Muchas veces uno se enoja con la gente, con las instituciones, con los gobernantes, con el país. Vive amargado por causa de alguien que le hace la vida literalmente imposible en el trabajo; vive hostigado por uno de esos parientes que es mejor perderlo que encontrarlo. A veces, vivimos con profundas raíces de amargura en el corazón por situaciones injustas, un salario magro que no alcanza, tal vez un problema de salud, las secuelas de un evento traumático en nuestras vidas, un sueño largamente acariciado que no se concreta; o como Ana, por ese hijo deseado que no llega o por alguna “Penina” que nos hace sentir poca cosa y sin valor.

Circunstancias y nada más que circunstancias.

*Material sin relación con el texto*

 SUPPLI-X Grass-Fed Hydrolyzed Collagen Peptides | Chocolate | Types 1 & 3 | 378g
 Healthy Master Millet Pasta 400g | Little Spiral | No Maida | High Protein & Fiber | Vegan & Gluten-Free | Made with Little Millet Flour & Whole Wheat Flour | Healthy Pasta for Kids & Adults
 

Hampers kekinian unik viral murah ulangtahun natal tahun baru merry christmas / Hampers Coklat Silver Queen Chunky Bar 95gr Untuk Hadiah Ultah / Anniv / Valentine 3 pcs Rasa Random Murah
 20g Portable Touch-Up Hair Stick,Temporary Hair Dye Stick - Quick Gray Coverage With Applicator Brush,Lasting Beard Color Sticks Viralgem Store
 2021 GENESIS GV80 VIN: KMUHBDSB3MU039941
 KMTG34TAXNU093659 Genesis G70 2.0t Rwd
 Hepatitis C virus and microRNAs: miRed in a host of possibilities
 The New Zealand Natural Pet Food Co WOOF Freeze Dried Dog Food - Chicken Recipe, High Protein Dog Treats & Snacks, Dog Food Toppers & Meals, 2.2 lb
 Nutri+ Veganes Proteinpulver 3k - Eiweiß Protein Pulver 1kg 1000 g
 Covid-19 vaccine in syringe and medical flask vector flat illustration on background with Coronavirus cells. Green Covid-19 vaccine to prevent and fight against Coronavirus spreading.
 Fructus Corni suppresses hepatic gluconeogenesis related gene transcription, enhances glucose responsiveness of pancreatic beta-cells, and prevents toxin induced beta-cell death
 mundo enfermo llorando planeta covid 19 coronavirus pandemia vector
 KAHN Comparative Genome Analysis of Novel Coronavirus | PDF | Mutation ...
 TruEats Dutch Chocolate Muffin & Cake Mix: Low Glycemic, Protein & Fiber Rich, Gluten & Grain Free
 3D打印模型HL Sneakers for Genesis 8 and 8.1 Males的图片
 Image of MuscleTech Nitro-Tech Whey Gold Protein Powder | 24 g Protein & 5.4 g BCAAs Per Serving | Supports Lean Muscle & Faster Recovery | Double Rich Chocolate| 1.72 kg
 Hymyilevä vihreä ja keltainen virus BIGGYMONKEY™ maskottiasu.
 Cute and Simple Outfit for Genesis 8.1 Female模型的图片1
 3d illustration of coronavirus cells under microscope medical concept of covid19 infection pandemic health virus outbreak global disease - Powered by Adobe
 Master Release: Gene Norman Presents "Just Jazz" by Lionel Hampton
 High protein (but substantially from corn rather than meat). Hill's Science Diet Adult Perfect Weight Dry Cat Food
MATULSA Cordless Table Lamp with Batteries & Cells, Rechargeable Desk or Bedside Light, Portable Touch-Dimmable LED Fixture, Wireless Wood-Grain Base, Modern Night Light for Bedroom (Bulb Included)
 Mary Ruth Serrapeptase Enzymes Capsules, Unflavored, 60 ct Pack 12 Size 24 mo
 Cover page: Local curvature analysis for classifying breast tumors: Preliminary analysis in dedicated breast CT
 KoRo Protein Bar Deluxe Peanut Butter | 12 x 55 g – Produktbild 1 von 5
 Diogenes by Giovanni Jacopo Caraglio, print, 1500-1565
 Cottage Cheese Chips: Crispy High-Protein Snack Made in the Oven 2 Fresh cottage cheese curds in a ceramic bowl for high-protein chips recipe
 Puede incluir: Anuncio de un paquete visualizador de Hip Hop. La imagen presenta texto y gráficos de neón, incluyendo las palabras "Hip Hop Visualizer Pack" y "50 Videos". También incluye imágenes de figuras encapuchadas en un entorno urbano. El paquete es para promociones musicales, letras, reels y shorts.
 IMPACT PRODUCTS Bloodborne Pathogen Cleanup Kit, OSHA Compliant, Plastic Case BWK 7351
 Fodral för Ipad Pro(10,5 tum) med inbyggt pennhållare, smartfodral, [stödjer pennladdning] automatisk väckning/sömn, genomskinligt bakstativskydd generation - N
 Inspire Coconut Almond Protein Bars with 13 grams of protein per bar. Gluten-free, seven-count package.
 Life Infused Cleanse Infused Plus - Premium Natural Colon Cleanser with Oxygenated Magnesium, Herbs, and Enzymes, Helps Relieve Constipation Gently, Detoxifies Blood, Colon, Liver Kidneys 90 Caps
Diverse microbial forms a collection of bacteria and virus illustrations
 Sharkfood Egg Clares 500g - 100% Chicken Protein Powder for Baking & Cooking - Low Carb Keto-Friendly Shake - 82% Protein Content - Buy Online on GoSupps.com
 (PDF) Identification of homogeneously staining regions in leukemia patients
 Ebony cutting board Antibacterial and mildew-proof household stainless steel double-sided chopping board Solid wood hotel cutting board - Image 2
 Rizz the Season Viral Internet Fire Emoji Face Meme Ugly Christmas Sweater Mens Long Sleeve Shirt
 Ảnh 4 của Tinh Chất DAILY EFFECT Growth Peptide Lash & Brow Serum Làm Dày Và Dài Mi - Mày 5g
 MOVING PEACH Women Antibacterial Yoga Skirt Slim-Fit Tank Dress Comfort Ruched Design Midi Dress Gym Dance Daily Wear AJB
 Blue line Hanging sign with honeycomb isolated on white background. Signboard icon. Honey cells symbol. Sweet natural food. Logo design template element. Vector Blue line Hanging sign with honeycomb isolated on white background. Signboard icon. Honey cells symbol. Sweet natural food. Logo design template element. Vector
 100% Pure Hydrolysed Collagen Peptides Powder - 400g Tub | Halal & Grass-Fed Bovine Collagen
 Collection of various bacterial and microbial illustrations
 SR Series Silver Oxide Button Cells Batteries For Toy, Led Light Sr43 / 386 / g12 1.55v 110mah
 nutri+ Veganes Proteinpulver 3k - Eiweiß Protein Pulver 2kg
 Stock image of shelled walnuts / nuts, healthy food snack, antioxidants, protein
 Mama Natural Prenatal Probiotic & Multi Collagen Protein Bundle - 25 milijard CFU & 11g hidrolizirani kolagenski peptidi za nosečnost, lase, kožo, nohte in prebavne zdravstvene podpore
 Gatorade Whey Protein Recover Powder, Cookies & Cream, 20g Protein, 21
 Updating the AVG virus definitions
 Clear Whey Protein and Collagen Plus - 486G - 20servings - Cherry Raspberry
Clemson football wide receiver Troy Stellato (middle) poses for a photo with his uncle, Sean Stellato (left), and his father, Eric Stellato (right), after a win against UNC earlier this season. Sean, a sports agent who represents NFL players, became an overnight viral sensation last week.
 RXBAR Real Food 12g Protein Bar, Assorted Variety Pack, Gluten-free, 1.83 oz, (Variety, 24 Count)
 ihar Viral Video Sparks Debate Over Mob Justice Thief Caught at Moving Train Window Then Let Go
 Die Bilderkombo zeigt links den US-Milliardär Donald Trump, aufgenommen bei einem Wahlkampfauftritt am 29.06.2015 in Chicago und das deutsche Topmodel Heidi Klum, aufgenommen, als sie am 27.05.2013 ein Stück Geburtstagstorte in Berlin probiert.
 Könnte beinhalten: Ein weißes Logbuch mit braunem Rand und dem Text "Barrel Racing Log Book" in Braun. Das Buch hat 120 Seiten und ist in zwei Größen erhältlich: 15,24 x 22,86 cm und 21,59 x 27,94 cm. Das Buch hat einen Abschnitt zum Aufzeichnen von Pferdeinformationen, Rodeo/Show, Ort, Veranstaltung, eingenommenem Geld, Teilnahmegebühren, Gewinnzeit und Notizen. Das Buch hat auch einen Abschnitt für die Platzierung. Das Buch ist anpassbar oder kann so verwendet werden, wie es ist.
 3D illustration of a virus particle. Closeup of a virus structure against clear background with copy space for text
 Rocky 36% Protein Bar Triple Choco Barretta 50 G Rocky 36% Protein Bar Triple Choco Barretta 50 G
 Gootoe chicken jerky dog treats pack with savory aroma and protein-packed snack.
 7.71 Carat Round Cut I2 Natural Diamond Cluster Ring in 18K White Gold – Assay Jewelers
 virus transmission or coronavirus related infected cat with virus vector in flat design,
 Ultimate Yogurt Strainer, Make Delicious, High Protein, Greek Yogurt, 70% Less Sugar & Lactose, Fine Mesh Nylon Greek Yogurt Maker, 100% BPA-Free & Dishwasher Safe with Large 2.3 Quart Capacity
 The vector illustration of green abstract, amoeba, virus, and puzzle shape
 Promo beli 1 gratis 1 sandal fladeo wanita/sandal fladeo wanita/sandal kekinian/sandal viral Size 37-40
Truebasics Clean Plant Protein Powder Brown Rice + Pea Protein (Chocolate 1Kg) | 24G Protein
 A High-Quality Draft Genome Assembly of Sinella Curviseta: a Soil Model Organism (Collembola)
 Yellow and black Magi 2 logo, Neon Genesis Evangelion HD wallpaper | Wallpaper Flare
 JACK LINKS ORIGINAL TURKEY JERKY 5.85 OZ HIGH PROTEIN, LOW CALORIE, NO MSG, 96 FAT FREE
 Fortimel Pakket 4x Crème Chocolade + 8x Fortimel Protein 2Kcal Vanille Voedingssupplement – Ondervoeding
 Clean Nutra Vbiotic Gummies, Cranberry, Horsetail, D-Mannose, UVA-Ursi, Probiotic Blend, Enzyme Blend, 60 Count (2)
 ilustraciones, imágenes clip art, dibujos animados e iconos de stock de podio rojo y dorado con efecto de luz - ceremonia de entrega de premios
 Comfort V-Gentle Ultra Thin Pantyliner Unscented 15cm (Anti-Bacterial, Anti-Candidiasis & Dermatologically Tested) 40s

Los hombres somos hacedores de circunstancias, Dios es trazador de destinos. Como Pedro, creímos y cuando miramos alrededor la tormenta comenzamos hundirnos en un mar de muerte y amargura.

Como creyentes podemos romper la vasija y dejar que esa grata fragancia de nuestras súplicas suba ante el Trono de Dios. El águila no elude la tormenta, hace que los mismos vientos la hagan subir hasta posicionarse por sobre la tempestad. Ana hizo de su más íntimo y amargo dolor una oportunidad para que Dios hiciera resplandecer con majestuosidad su Gloria. Es cuando hacemos de nuestro pesar una ocasión para que Dios obre con poder. Como creyentes, podemos hacer que la más recia de las tormentas sea una bendición para nosotros, nuestra familia, ministerio y quienes nos rodean.

 Porque no quieres sacrificio,  que yo lo daría;
 No quieres holocausto. Los sacrificios de Dios son el espíritu quebrantado;
 Al corazón contrito y humillado no despreciarás tú,  oh Dios.